### Task directions:
Restate every record exactly as it is written, while omitting the pictures it holds.

(Short web captions)
===

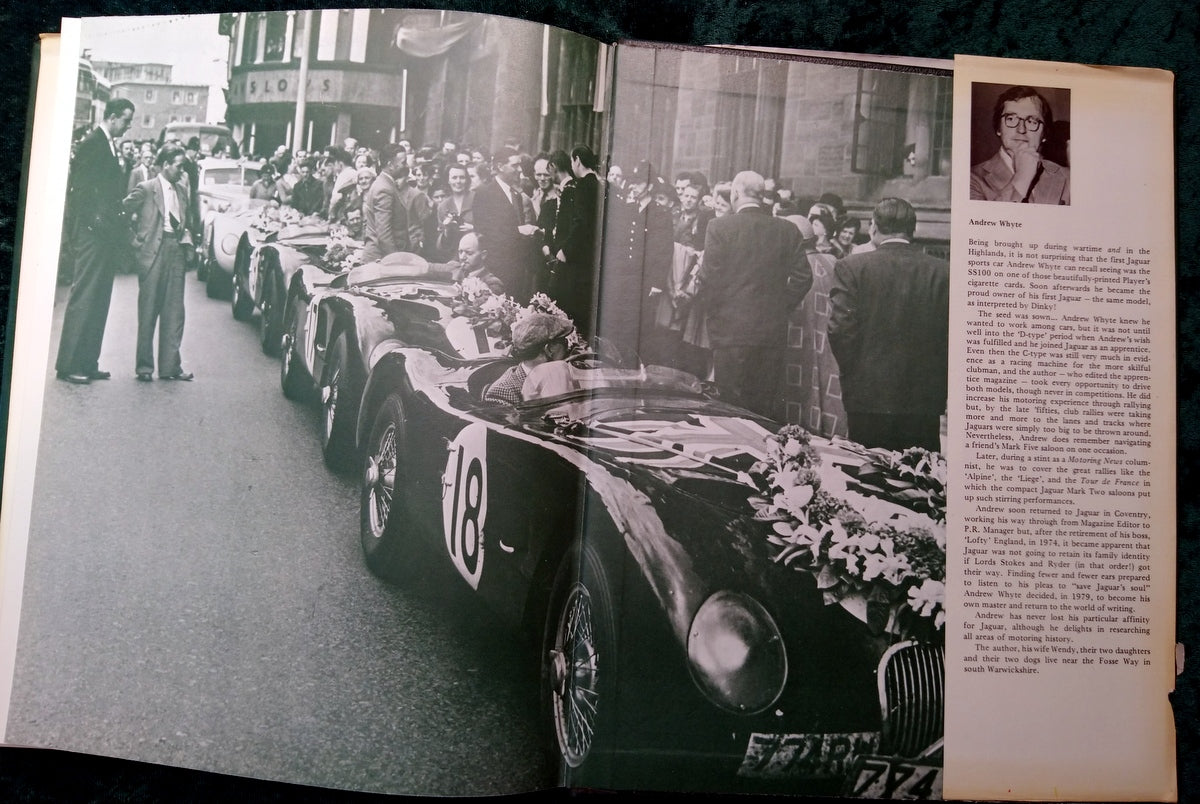 Jaguar Sports Racing and Works Competition Cars to 1953. (ref b257)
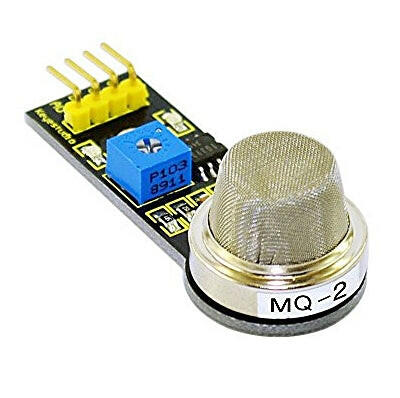 Módulo Sensor de Gás MQ-2 p/ Funduino-Robotica e prototipagem-Keyestudio-Music Stage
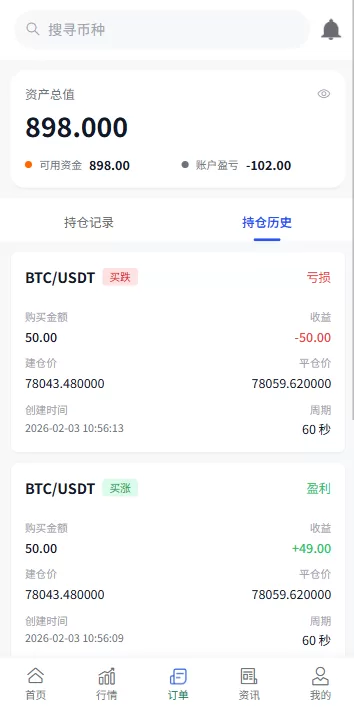 图片[8]-多语言微盘系统/虚拟币微交易/时间盘秒合约 - 海外源码商-海外源码商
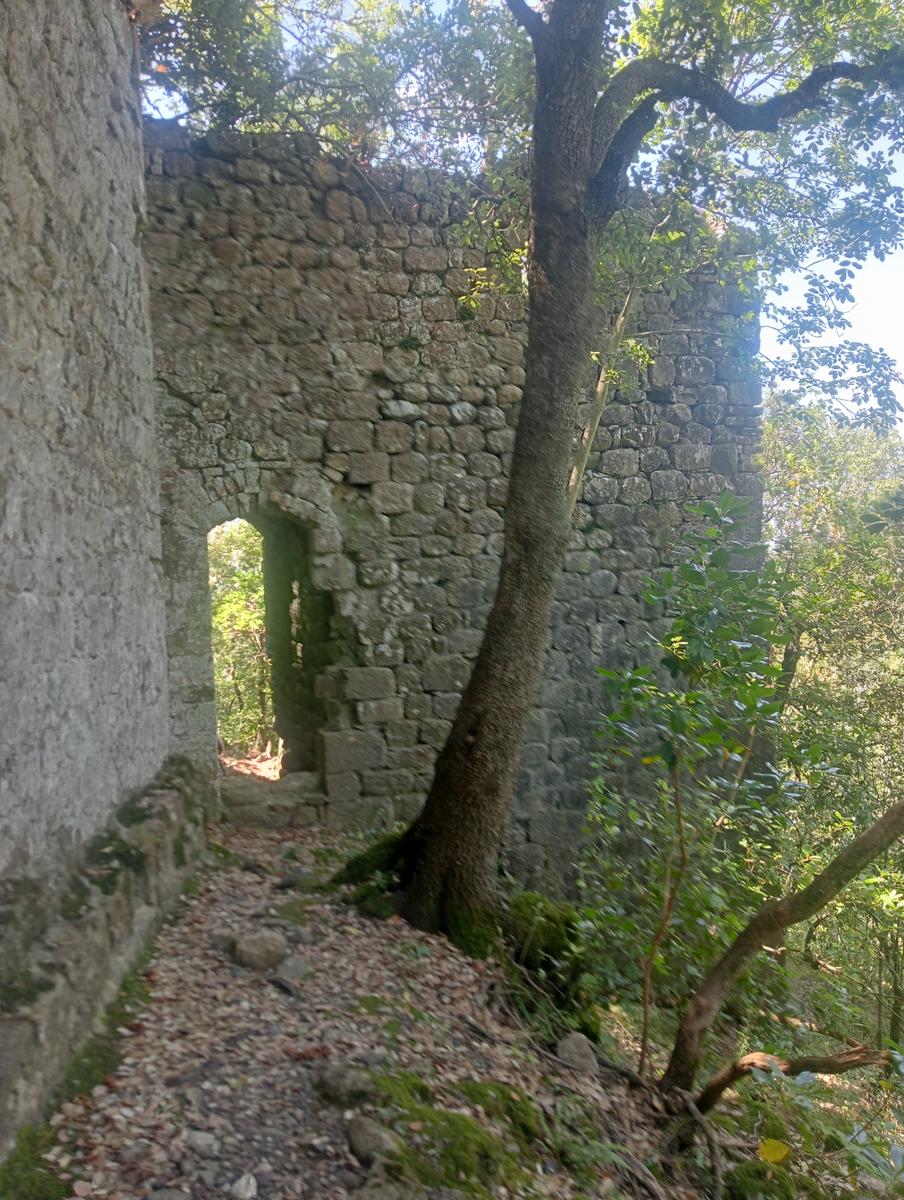 Masso delle fanciulle - Masso degli specchi - Castello dei Vescovi - foto 8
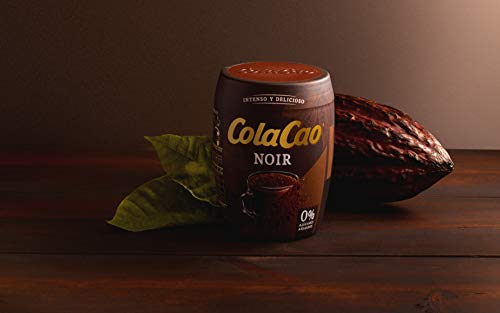 ColaCao Noir 0% Azúcares Añadidos, 300g - Imagen 7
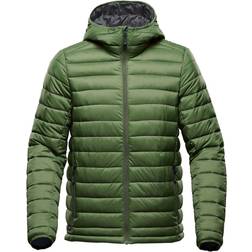 Stormtech Stavanger Thermal Shell Jacket - Garden Green/Graphite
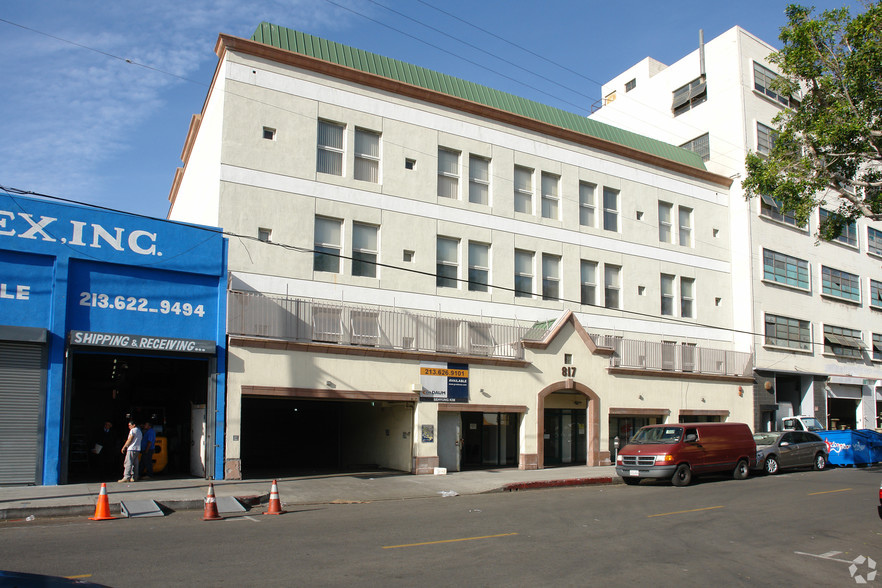 811-817 San Julian St, Los Angeles, CA for sale - Primary Photo - Image 1 of 1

===

### Expected answer:
 Jaguar Sports Racing and Works Competition Cars to 1953. (ref b257)
 Módulo Sensor de Gás MQ-2 p/ Funduino-Robotica e prototipagem-Keyestudio-Music Stage
 图片[8]-多语言微盘系统/虚拟币微交易/时间盘秒合约 - 海外源码商-海外源码商
 Masso delle fanciulle - Masso degli specchi - Castello dei Vescovi - foto 8
 ColaCao Noir 0% Azúcares Añadidos, 300g - Imagen 7
 Stormtech Stavanger Thermal Shell Jacket - Garden Green/Graphite
 811-817 San Julian St, Los Angeles, CA for sale - Primary Photo - Image 1 of 1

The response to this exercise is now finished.